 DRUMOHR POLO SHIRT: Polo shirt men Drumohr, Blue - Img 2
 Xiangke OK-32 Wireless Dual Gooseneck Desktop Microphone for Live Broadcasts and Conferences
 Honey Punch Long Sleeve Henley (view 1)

- [TASK INSTRUCTIONS]
Every single line of the listing must be retyped exactly.

- [THE COMPLETED TASK]
 DRUMOHR POLO SHIRT: Polo shirt men Drumohr, Blue - Img 2
 Xiangke OK-32 Wireless Dual Gooseneck Desktop Microphone for Live Broadcasts and Conferences
 Honey Punch Long Sleeve Henley (view 1)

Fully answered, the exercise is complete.